On December 9, 2015 Congress reached a final agreement on H.R. 644, the “Trade Facilitation and Trade Enforcement Act of 2015.” The bipartisan, bicameral trade legislation authorizes U.S. Customs and Border Protection and puts in place effective tools to: (a) strengthen trade enforcement at the border; and, (b) facilitate the efficient movement of legitimate trade and travel. The Bill now will go to the President for signature.
Some of the highlights include:
- Increasing from $200 to $800 the general de minimis threshold for entering without entry and duty articles imported by one person on one day.
- Amending HTSUS 9801.00.10 @ Duty Free, to read:
Products of the United States when returned after having been exported, or any other products when returned within 3 years after having been exported, without having been advanced in value or improved in condition by any process of manufacture or other means while abroad: Articles previously exported with intent to reimport after temporary use abroad
- Amending HTSUS 9802.00 (ARTICLES EXPORTED AND RETURNED, ADVANCED OR IMPROVED ABROAD) to allow for the commingling of fungible articles in accordance with inventory management methods.
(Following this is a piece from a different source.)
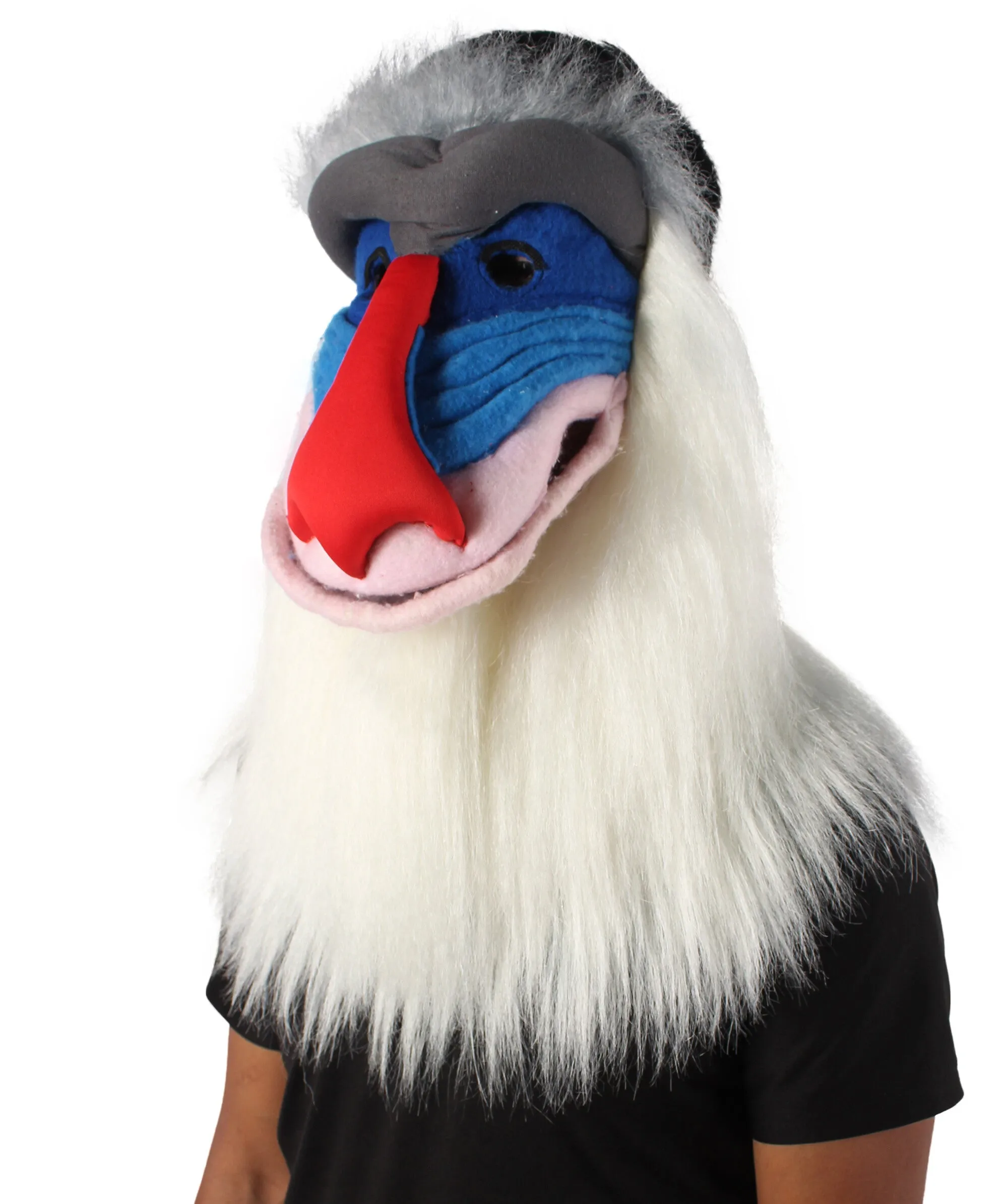 HPO Adult Unisex Large Old Mandrill Monkey Mask | Best for Halloween and Cosplay| Flame-retardant Synthetic Fiber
- Amending the Drawback regulations to allow, among other things, for substituting merchandise based on the same 8-digit HTSUS number rather than “of the same kind and quality” or “commercially interchangeable with” criteria and, increasing the time limits for Substitution drawback, Unused merchandise drawback and drawback for Merchandise not conforming to sample or specifications from 3 to 5 years.
Other provisions include:
- U.S. Customs and Border Protection (CBP) must ensure that CBP partnership programs, such as the Customs-Trade Partnership Against Terrorism, provide trade benefits to importers, exporters, and other private sector entities that meet program requirements.
- CBP must establish educational seminars to improve CBP classification and appraisal of imported articles, trade enforcement, and facilitation of international trade
- CBP & the GAO must to report to Congress on the status of the Automated Commercial Environment (ACE) computer system.
- Create within CBP an Office of International Trade a Commercial Targeting Division (including National Targeting and Analysis Groups) to conduct commercial risk assessment targeting and, when needed, issue trade alerts with respect to cargo destined for the United States
- Establish an Importer of Record Number program that:
- Identifies linkages or other affiliations between importers that are requesting or have been assigned importer of record numbers;
- Allows CBP to identify changes in address and corporate structure of importers
- Maintains a centralized database of importer of record numbers, including a history of importer of record numbers associated with each importer,
- Establish a new importer program that adjusts bond amounts for new importers based on the level of risk assessed for revenue protection
- Create interagency groups to oversee import health and safety as well as trade enforcement
- Provide for import-related protection of intellectual property rights
- Increase enforcement of Antidumping and Countervailing Duty Orders
- Authorize the USTR to take certain discretionary trade action against foreign countries that engage in unreasonable acts, policies, or practices
- Make “Currency Undervaluation” a countervailable subsidy for Countervailing Duty (CVD) purposes.
- Require CBP to enforce effectively free trade agreements to which the United States is a party.
- Facilitate the process for enacting temporary duty suspensions and reductions contained in a Miscellaneous Tariff Bill (i.e. American Manufacturing Competitiveness Act of 2015).